EXERCISE PROMPT -
Pictures aside, copy exactly each line from the one that holds "Grönbjärs ordlek t-shirt" through the last line of the records below.

----

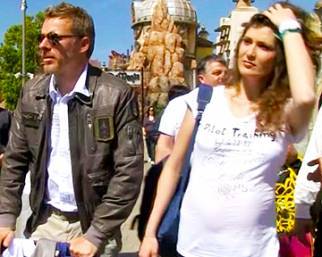Kaspar Capparoni con Veronica e Alessandro a Rainbow Magicland
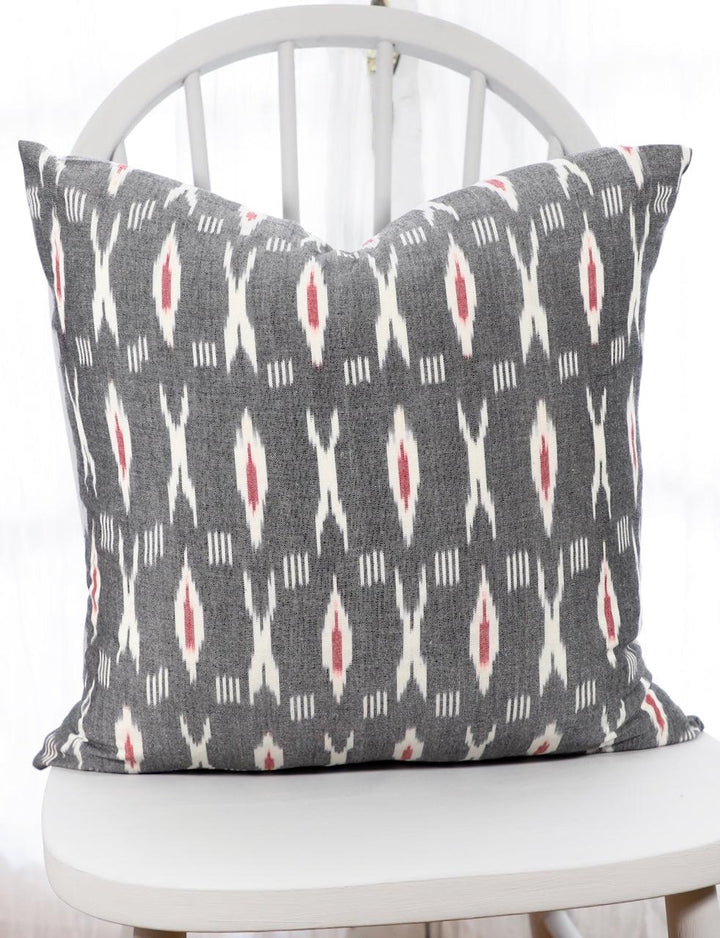XO Grey &amp; Red Throw Pillow Cover - Passion Lilie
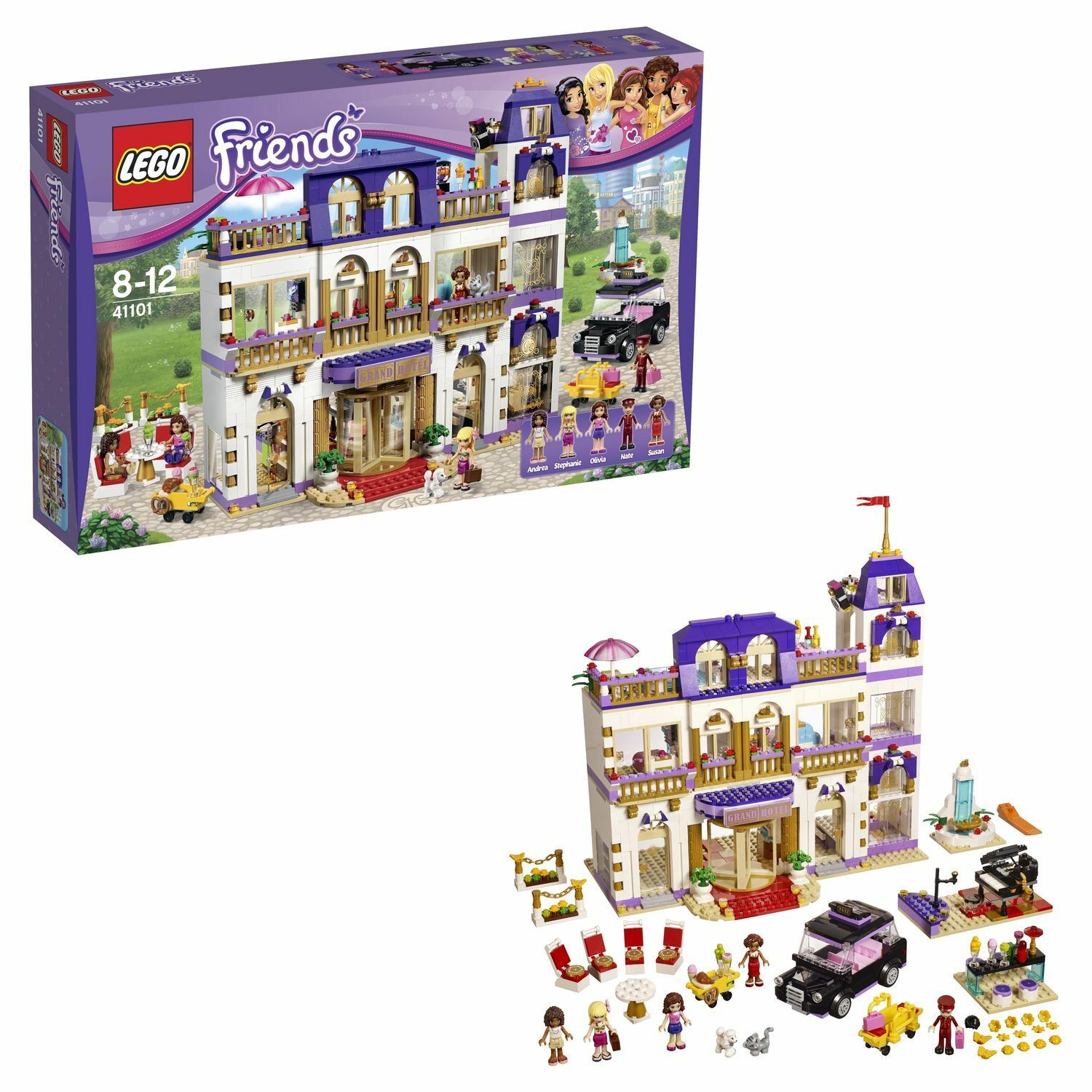 Конструктор LEGO Friends Гранд-отель (41101) купить по цене 9999 ₽ в  интернет-магазине Детский мир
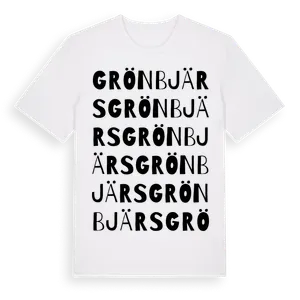 Grönbjärs ordlek t-shirt – ekologisk bomull t-shirt från Pinshirt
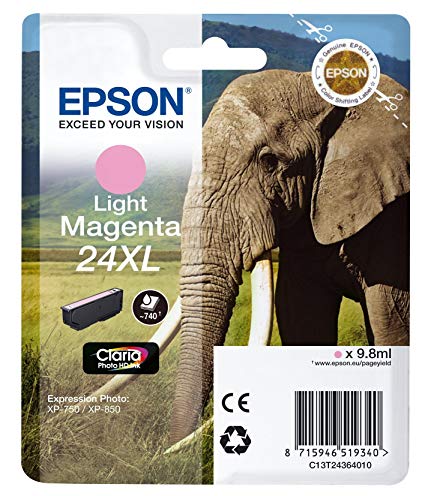 Bläckpatron Epson 24XL 9.8 ml original ljus magenta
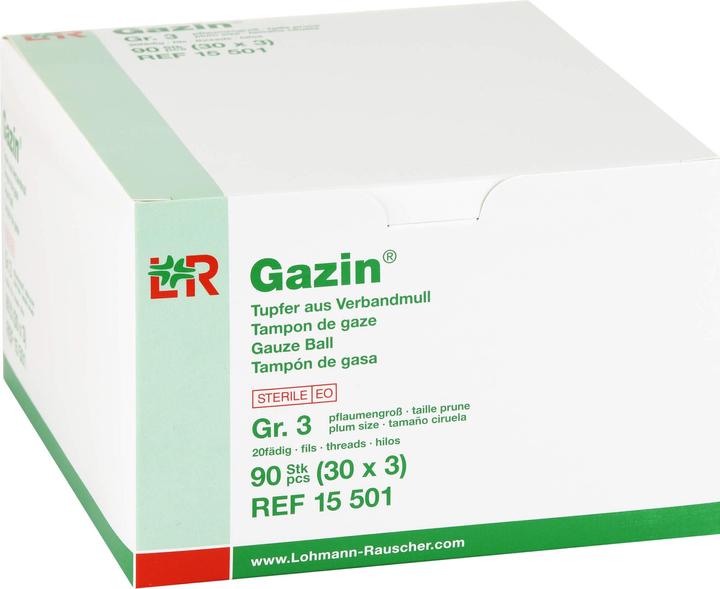 Image du produit Lohmann & Rauscher Tampons Gazin prune taille 3 stériles 20pcs, 30X3pcs TUP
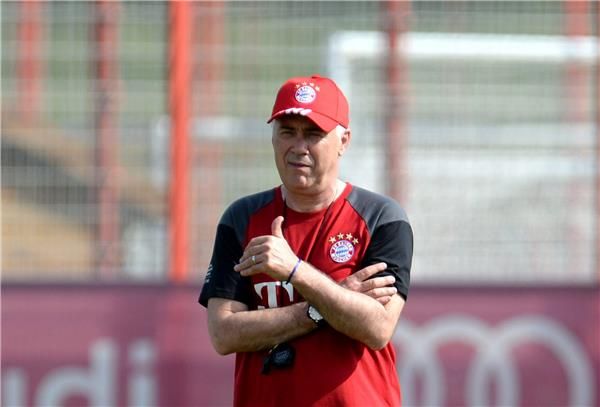 كارلو أنشيلوتي في التمارين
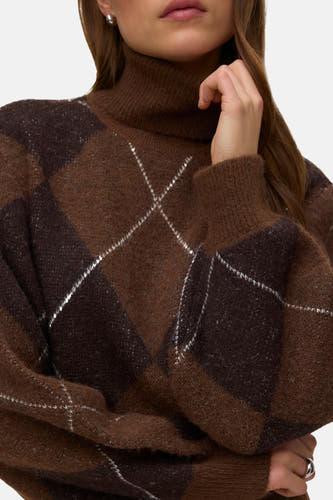 Pull col roulé brun - VERO MODA®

----

RESPONSE TO THIS EXERCISE -
 Grönbjärs ordlek t-shirt – ekologisk bomull t-shirt från Pinshirt
 Bläckpatron Epson 24XL 9.8 ml original ljus magenta
 Image du produit Lohmann & Rauscher Tampons Gazin prune taille 3 stériles 20pcs, 30X3pcs TUP
 كارلو أنشيلوتي في التمارين
 Pull col roulé brun - VERO MODA®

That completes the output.